*** Opening of Material provided ***
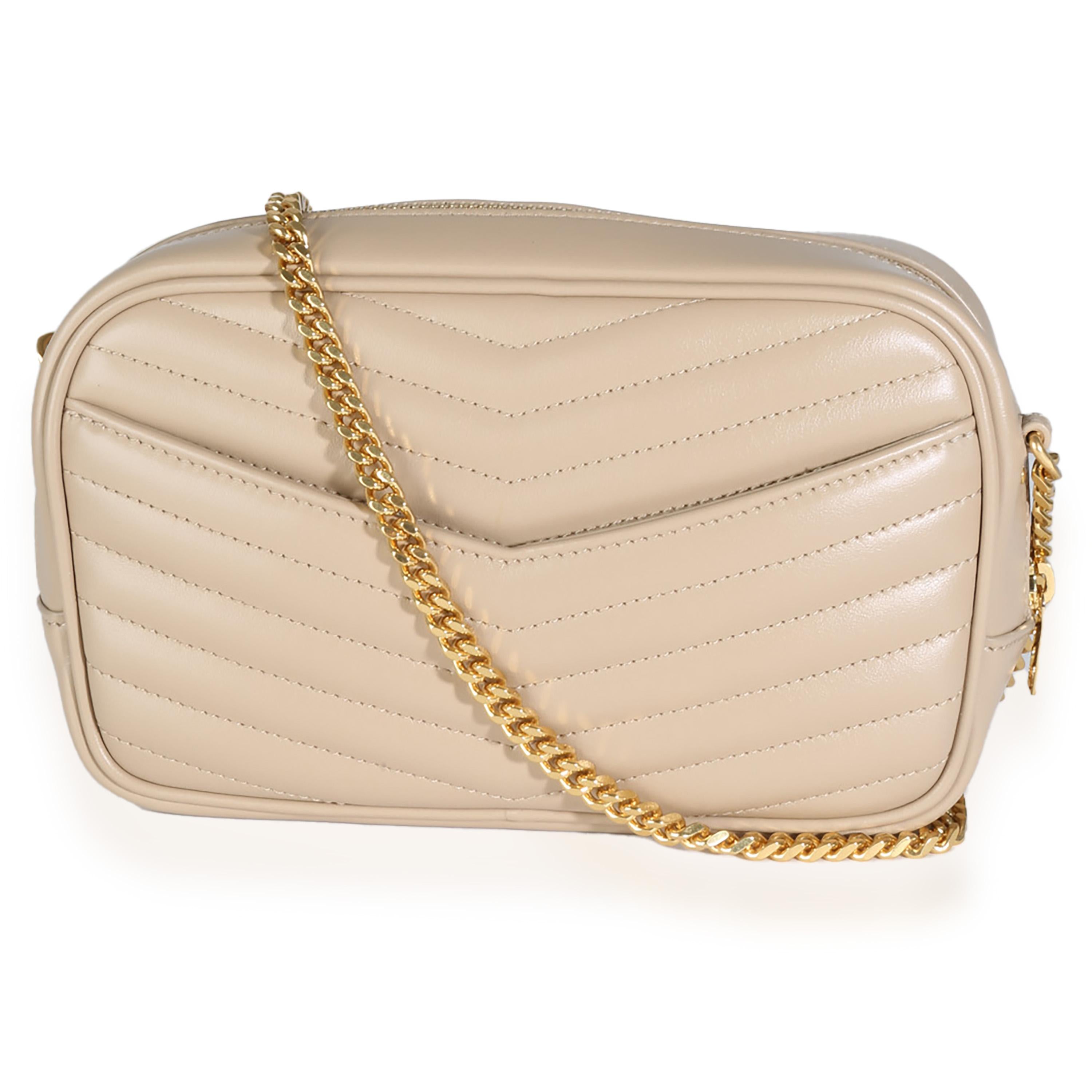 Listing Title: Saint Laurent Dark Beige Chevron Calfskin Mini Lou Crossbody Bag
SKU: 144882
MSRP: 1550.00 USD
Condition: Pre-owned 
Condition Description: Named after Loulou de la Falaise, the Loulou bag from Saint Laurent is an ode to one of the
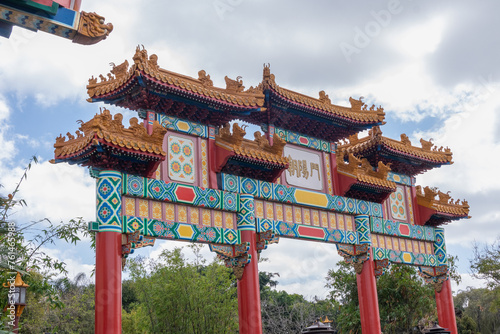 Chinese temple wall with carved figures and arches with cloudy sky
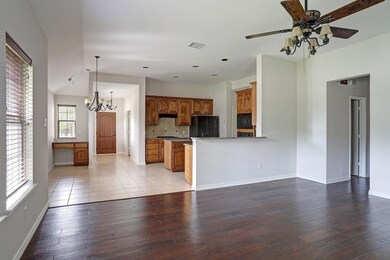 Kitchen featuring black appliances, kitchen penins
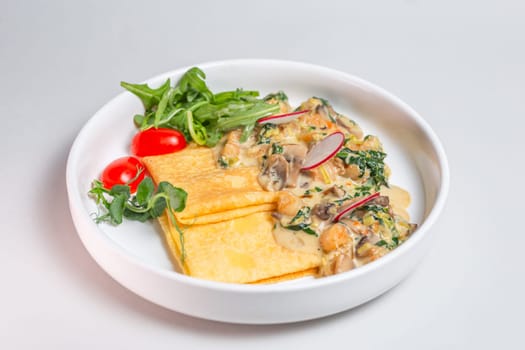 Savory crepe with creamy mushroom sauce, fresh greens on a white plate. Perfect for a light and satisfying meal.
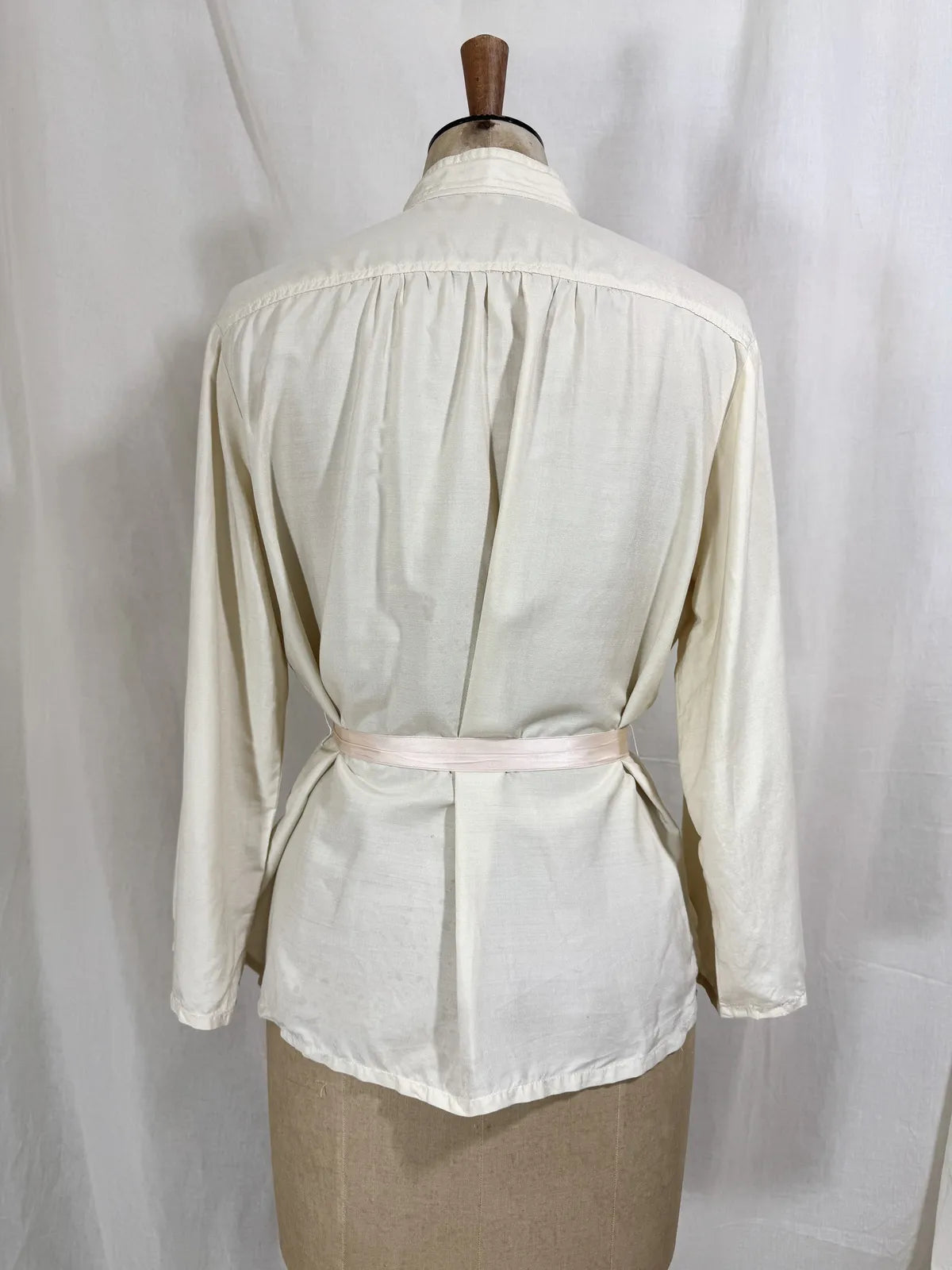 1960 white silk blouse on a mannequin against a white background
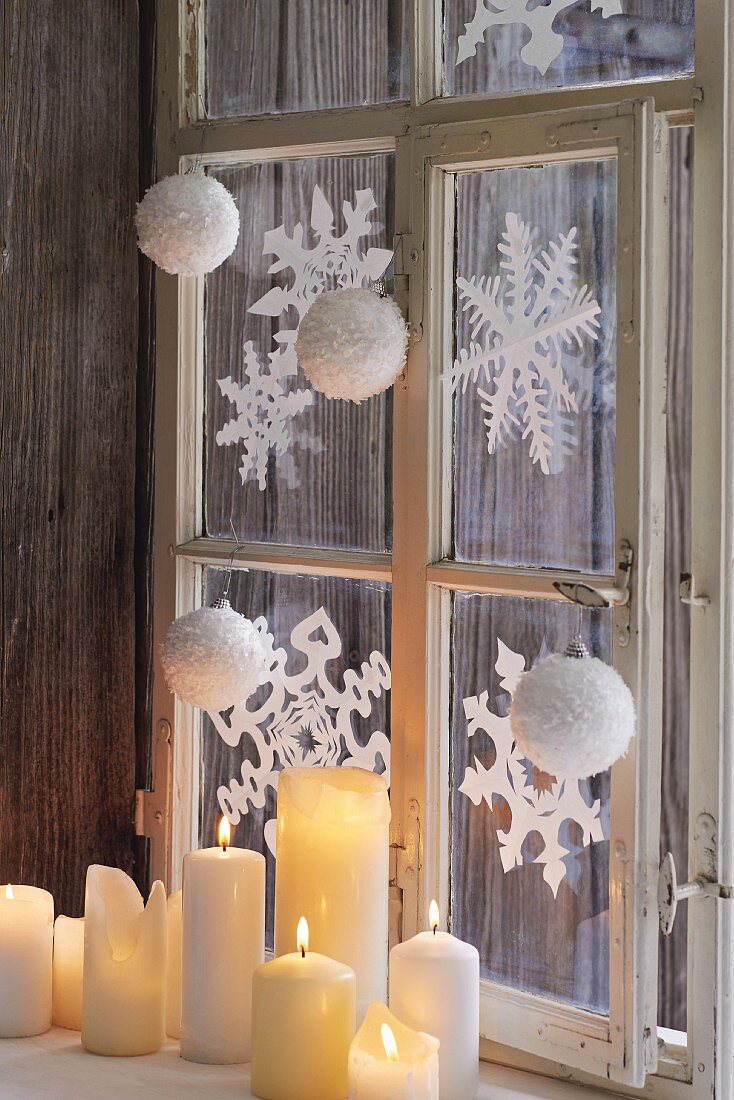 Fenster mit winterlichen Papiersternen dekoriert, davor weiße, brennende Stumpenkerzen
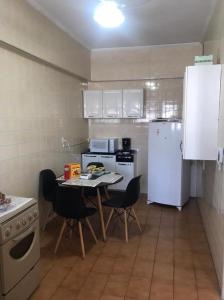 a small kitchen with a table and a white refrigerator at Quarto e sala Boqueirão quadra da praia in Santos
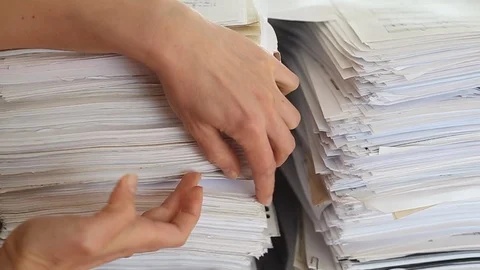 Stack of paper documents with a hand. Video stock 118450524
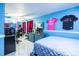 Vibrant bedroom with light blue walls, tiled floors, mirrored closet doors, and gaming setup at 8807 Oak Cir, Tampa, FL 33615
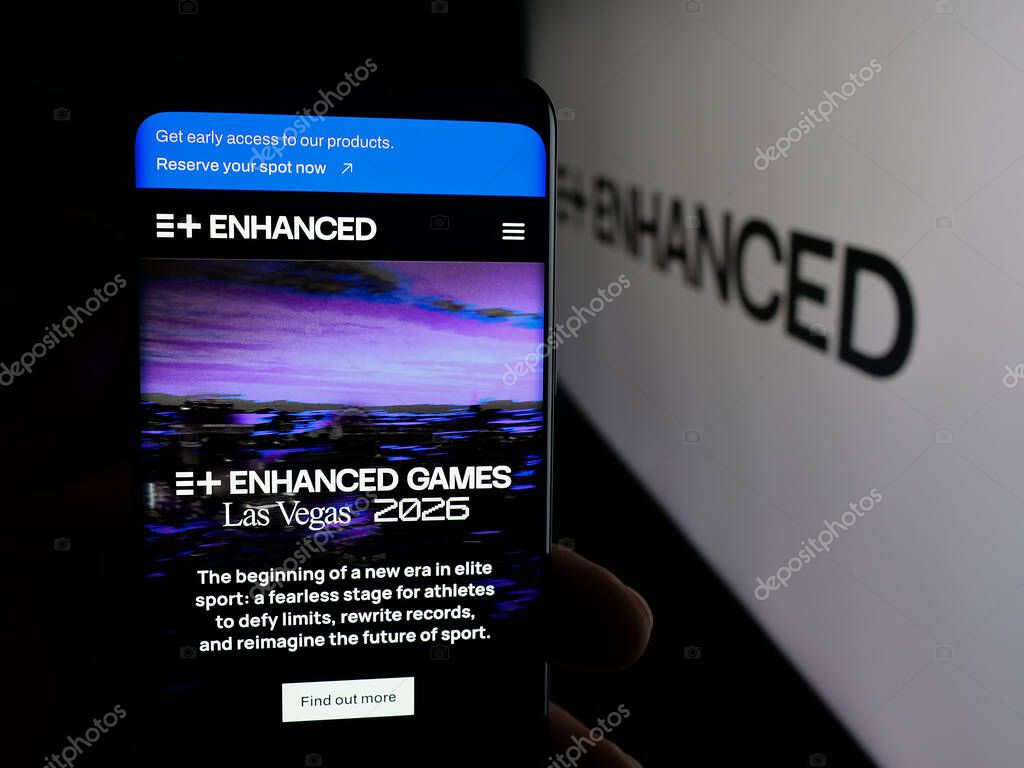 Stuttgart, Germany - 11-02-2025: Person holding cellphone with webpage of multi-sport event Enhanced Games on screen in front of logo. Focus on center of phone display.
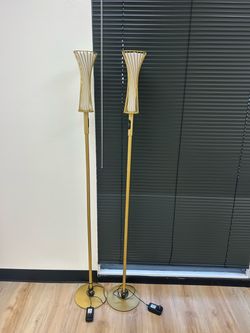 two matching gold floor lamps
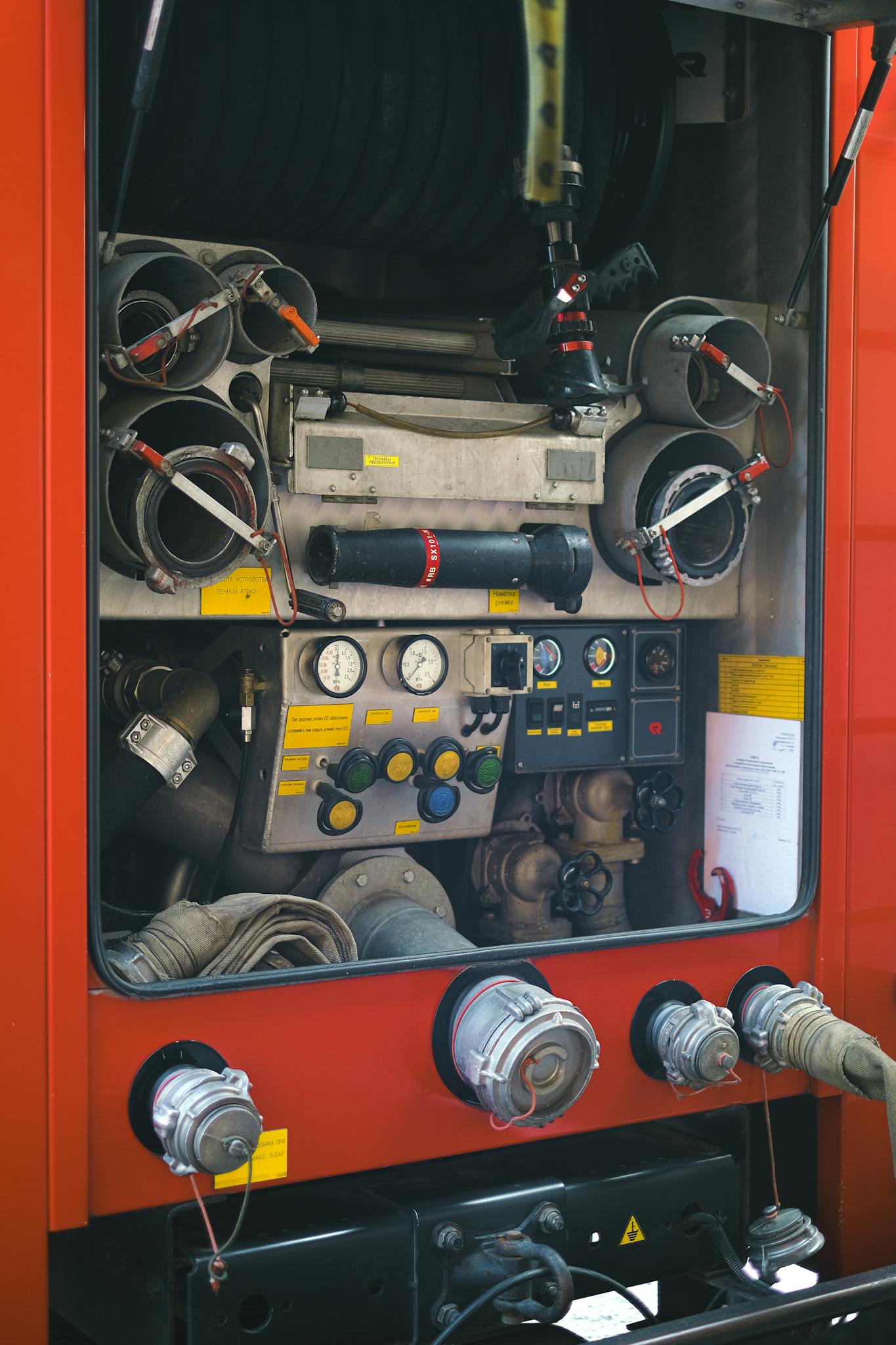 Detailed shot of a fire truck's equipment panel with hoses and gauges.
*** Close of Material provided ***
Task prompt: Across the entries above, work out the count of lines that hold the word "Condition", and state that number alone.

Your response: 2